• _PROBLEM TO SOLVE_:
Below are lines of data; restate word for word those running from the line containing "Women and prayer flags, Bhutan" to the line containing "Finnish flag and", inclusive, and no others.

Collected data entries:
++++++++++

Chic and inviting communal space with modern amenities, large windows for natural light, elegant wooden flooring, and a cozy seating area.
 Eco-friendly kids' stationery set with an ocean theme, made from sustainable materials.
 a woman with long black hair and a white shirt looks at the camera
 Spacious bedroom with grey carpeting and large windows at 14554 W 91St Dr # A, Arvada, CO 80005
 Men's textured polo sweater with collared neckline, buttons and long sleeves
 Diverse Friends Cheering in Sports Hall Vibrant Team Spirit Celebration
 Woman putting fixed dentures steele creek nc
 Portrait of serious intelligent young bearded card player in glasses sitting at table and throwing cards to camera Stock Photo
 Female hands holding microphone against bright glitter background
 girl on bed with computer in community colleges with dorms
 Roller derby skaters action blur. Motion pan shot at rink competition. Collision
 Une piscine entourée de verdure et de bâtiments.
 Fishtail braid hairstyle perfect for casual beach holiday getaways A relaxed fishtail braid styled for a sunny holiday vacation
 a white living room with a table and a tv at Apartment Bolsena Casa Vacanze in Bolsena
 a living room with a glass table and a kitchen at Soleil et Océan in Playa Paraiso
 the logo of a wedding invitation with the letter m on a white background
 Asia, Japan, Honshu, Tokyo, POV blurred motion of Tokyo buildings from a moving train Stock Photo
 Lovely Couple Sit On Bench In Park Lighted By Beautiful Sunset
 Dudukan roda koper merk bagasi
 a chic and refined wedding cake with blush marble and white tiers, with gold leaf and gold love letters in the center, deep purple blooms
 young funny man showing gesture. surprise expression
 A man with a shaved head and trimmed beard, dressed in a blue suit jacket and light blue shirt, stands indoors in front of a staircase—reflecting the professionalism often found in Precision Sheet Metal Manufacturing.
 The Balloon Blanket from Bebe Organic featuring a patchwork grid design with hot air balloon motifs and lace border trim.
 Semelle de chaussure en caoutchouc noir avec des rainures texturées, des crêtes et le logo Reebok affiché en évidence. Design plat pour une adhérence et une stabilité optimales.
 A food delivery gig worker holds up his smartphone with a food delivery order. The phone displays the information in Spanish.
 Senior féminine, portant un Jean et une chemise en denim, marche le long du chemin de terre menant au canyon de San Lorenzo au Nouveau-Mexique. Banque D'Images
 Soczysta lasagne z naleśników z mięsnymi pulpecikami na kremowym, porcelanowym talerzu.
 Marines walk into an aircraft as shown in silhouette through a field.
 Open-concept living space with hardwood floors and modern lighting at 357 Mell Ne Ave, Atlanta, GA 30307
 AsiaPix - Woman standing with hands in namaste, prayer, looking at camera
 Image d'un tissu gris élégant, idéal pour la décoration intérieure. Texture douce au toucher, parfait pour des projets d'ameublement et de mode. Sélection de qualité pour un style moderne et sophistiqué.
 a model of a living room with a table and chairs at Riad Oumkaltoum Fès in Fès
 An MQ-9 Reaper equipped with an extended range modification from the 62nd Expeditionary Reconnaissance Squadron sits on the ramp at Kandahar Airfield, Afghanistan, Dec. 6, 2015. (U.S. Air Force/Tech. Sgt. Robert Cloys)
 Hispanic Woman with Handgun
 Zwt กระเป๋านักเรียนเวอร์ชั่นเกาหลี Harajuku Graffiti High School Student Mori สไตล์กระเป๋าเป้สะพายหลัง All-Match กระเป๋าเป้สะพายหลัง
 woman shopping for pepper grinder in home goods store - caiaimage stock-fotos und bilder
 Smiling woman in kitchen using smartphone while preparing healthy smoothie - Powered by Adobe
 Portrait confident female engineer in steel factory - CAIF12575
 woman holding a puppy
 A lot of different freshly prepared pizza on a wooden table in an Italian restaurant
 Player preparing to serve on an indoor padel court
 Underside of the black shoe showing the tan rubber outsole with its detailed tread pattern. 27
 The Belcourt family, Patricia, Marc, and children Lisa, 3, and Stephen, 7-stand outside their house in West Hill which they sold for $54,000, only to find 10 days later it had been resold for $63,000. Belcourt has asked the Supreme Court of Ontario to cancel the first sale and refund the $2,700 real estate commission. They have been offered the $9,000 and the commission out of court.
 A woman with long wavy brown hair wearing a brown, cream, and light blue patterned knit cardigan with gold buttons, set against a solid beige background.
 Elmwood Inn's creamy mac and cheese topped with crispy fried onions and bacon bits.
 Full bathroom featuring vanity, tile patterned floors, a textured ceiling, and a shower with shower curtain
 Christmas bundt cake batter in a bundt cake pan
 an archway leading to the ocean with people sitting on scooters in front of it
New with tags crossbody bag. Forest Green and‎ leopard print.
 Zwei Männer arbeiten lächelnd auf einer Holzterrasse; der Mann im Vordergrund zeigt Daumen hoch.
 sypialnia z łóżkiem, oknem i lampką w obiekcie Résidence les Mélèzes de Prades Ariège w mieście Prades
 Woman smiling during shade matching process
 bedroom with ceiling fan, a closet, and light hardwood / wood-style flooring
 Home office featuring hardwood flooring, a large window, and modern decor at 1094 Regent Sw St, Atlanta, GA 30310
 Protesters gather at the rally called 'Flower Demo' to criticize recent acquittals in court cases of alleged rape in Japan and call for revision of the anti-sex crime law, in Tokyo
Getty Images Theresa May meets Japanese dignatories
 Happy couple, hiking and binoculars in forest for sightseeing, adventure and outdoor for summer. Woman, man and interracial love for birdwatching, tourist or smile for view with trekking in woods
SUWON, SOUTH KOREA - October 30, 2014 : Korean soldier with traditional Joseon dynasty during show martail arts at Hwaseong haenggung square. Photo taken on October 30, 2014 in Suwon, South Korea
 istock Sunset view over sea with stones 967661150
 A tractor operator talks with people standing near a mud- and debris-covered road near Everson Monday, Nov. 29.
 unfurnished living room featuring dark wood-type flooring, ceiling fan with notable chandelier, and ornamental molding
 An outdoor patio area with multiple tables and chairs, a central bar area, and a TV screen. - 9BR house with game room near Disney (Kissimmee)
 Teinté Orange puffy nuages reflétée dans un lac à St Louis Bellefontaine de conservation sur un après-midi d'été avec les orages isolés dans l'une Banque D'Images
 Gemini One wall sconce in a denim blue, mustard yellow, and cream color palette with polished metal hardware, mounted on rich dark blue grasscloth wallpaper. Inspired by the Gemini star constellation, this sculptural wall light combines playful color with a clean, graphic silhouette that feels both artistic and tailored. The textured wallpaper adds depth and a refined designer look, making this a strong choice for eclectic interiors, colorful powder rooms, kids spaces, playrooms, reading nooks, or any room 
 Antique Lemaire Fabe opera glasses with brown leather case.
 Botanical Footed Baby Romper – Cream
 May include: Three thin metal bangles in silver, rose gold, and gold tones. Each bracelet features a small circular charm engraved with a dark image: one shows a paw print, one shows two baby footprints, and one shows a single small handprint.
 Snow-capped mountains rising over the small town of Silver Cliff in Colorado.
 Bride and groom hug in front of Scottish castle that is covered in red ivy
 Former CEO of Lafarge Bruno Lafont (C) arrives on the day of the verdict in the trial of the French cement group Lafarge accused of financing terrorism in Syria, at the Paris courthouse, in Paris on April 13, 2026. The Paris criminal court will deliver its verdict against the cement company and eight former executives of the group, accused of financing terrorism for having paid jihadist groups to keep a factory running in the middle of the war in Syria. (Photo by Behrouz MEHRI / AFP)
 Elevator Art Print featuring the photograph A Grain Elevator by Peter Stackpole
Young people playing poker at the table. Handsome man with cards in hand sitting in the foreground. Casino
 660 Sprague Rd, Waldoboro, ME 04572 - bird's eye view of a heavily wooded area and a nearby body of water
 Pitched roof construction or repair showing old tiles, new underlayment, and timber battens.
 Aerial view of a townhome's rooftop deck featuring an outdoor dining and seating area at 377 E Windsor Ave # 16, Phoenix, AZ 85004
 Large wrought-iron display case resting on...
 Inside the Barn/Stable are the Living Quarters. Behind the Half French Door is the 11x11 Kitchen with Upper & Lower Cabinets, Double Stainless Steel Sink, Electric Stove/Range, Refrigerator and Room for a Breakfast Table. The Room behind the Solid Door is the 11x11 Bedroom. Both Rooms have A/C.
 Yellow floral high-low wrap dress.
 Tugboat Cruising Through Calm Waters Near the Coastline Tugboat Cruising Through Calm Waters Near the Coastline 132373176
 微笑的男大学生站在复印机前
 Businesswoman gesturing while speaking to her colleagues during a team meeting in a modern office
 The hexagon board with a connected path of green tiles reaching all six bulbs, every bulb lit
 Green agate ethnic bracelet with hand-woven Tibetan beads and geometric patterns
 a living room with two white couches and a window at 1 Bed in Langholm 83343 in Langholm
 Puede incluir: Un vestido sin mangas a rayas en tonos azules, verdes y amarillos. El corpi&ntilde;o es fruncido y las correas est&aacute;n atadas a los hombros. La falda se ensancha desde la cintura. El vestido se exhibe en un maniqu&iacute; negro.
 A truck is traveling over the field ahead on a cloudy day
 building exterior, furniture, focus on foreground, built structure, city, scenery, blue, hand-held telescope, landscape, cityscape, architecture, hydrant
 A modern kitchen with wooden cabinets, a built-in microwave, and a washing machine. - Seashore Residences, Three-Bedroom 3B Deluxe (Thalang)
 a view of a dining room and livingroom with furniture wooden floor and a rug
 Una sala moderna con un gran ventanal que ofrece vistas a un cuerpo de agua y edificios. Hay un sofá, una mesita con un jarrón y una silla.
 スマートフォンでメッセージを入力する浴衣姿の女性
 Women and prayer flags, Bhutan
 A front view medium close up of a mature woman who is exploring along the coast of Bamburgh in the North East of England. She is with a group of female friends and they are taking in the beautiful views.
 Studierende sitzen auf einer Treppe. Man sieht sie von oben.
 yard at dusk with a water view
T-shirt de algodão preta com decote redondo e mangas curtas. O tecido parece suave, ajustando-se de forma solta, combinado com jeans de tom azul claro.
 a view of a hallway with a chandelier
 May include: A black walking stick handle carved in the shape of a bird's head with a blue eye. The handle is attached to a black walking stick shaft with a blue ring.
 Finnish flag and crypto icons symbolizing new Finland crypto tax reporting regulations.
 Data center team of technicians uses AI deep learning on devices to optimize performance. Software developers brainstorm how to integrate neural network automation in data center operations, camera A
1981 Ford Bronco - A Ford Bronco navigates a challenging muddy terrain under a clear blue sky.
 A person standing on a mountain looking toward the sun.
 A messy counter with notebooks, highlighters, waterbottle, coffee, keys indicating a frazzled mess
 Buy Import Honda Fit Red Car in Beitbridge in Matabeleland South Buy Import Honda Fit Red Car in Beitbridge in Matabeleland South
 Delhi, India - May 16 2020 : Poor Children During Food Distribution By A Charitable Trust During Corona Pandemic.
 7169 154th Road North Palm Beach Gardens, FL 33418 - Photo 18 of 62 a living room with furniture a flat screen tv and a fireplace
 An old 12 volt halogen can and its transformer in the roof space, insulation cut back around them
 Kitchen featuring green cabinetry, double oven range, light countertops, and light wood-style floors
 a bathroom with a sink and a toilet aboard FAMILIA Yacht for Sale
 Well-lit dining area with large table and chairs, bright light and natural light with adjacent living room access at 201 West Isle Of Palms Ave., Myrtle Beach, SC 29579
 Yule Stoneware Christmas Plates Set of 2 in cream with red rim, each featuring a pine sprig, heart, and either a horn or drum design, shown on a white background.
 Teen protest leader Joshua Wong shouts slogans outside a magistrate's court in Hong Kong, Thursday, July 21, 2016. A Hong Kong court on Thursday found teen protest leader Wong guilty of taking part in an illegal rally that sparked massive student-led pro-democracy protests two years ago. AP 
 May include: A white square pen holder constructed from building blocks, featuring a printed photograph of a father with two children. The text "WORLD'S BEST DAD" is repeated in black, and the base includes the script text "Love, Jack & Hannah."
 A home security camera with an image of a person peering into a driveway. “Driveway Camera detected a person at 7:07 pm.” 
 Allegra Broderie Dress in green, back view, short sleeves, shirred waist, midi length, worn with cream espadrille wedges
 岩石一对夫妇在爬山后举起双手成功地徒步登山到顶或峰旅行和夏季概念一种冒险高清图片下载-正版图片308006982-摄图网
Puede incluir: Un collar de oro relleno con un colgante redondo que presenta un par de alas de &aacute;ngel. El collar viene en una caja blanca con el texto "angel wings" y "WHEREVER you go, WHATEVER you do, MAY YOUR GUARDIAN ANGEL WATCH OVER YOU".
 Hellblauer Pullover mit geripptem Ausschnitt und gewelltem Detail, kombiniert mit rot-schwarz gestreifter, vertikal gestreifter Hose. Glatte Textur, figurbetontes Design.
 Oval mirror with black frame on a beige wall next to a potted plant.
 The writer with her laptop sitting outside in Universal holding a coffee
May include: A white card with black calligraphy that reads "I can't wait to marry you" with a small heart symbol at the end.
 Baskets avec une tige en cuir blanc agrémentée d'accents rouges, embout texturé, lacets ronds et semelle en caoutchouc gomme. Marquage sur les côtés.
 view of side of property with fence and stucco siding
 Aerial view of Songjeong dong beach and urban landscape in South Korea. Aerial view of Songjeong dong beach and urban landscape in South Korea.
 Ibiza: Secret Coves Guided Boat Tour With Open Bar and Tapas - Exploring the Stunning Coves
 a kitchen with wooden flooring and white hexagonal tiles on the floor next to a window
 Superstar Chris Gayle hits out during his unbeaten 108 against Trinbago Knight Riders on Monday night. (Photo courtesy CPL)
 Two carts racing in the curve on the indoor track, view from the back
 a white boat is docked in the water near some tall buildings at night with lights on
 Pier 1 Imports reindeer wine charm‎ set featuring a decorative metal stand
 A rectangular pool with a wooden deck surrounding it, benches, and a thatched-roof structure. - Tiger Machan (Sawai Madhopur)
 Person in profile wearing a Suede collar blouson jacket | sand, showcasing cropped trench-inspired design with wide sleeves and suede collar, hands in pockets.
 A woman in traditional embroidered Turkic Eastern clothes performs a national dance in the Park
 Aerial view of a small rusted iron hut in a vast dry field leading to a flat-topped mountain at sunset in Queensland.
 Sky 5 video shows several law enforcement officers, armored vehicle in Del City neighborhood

++++++++++

• _WRITTEN RESPONSE_:
 Women and prayer flags, Bhutan
 A front view medium close up of a mature woman who is exploring along the coast of Bamburgh in the North East of England. She is with a group of female friends and they are taking in the beautiful views.
 Studierende sitzen auf einer Treppe. Man sieht sie von oben.
 yard at dusk with a water view
T-shirt de algodão preta com decote redondo e mangas curtas. O tecido parece suave, ajustando-se de forma solta, combinado com jeans de tom azul claro.
 a view of a hallway with a chandelier
 May include: A black walking stick handle carved in the shape of a bird's head with a blue eye. The handle is attached to a black walking stick shaft with a blue ring.
 Finnish flag and crypto icons symbolizing new Finland crypto tax reporting regulations.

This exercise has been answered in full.